When I walked past my parents’ bedroom and saw my father donning his purple waistcoat, accompanying his purple pink and blue pinstriped shirts, I knew he was Up For It. My Dad gets a strange nervous energy in bustly social situations not involving children, ie. in the pub. It makes his voice go high and shrill at any given moment because he thinks his effeminate camp shtick is reliably hilarious whatever he’s saying (although I’ve no doubt some do find it amusing).
He willingly watched and subjected me to "My Family" before we went out, doubtless thinking me odd when I expressed how unbelievably shit I thought it was. I remain unsure how I was produced from his loins. The feeling is probably mutual.
We were heading up the local village pub for Christmas Eve: my Dad, Mum and I, as is traditional. It’s usually not so bad. Busy in the tight space of the main front room where we all normally congregate, younger people back for Christmas mixing with the older stalwarts of the establishment. Our trio trudged the five minute walk up the moonlit snowy road. It wouldn’t be terrible, I told myself. There were a few regulars who weren’t too bad.
Tonight it was the Landlord’s smart idea to try out Christmas Carols in the larger, less well frequented rear function room, using the aid of a synth-strong keyboard and a single trumpet player.
My parents led me into the main room, which was busy and tightly packed. Dad decided to quickly turn around and head for the function room, sold by the Landlady’s sales pitch which mainly consisted of “CAROLS, COME ON!” and wanton enthusiasm. We wandered dumbly down the short corridor, lambs to the slaughter, took a right and opened the door: one old grey bloke propping up the bar, a daft drunk smile smeared on his suspect face, watching the spectacled Landlord on the keyboard and a middle-aged bleach blonde lady parping painfully on a trumpet. Dad bought the first round, as is customary (me second), and we took a seat by the radiator.
I hadn’t watched many episodes of Peter Kay’s “Phoenix Nights,” but it immediately struck me as a reasonable comparison. We stayed the only willing spectators in the room, but for the old grey bloke at the bar. It wasn’t surprising. Dad started singing along, as did Mum, I imagined out of pity.
Then Dad saw the microphone.
MICROPHONE! he appeared to scream in his head, magnetically attracted like a dog to a stick.
The flittering Landlady re-entered the room, offering support to her husband, and joined Dad at the microphone. The opening auto demo chords led into “O Come All Ye Faithful.” I chewed on my scarf some more, not knowing whether to laugh or cry. Dad, dressed in his idiotic waistcoat and shirt, and the Landlady sang heartily
The speccy Landlord at the keyboard was NOT amused. Furious, in fact.
11/12ths of the pub’s custom was still camped out in the small front room, steadfastly not wanting to sing, not caring that there was barely any more room to stand.
The Landlord returned to the room with a new lead for the amplifier. The tests worked, a synthy intro kicked in and they resumed. Dad and the Landlady rejoined on vocals.

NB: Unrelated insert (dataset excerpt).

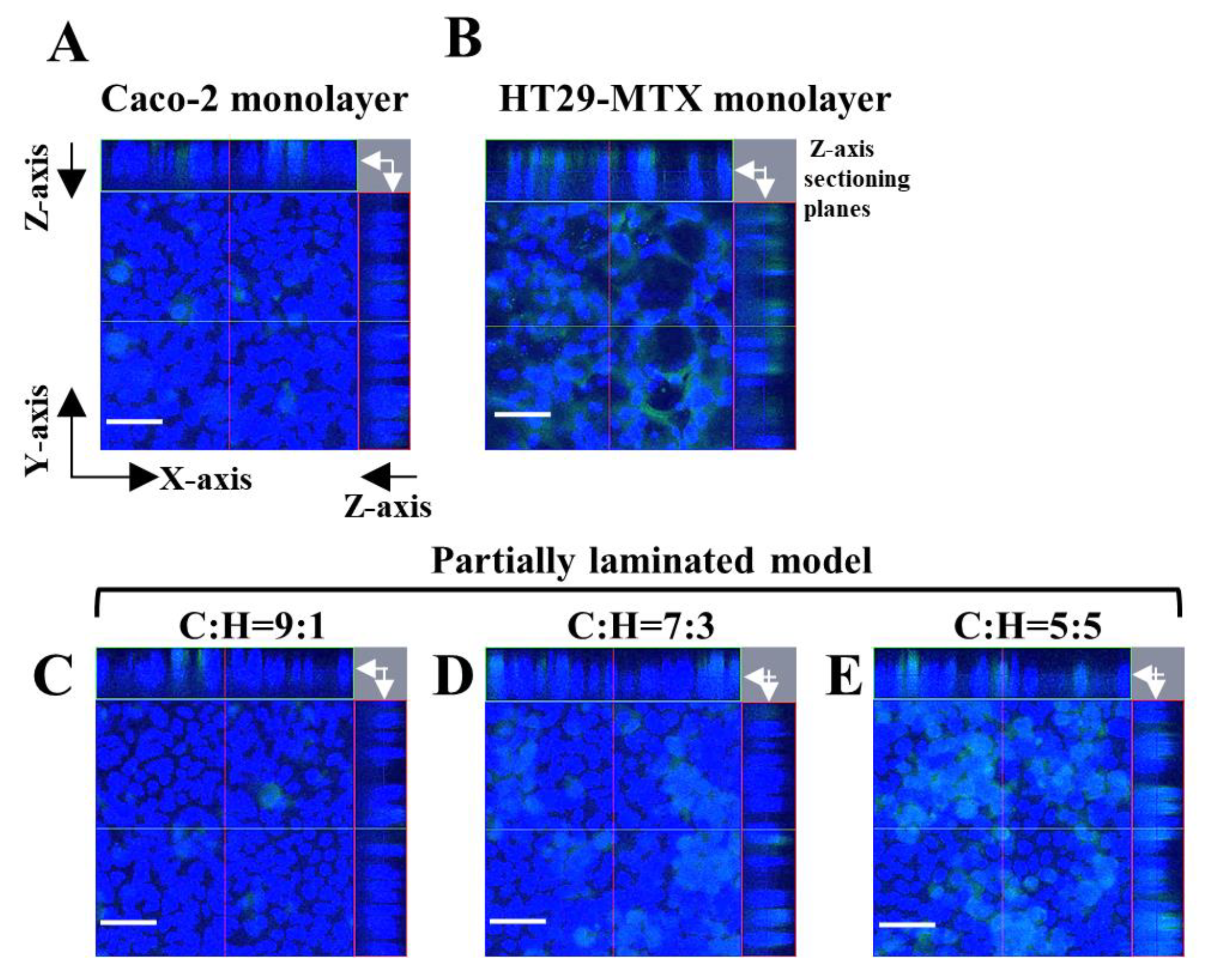 Pharmaceutics 15 02338 g005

After three more carols it stopped being funny and started being quite depressing. Still no more people entered the room. I'd returned the round of drinks and drunk my second quickly. I'd been there about an hour: most of the minutes excruciatingly backed by that trumpet parping woman.
I asked Mum if she had a key for the house because I needed to go home and stab myself repeatedly in the eyes. She looked at me and, understanding but disappointed, handed it over.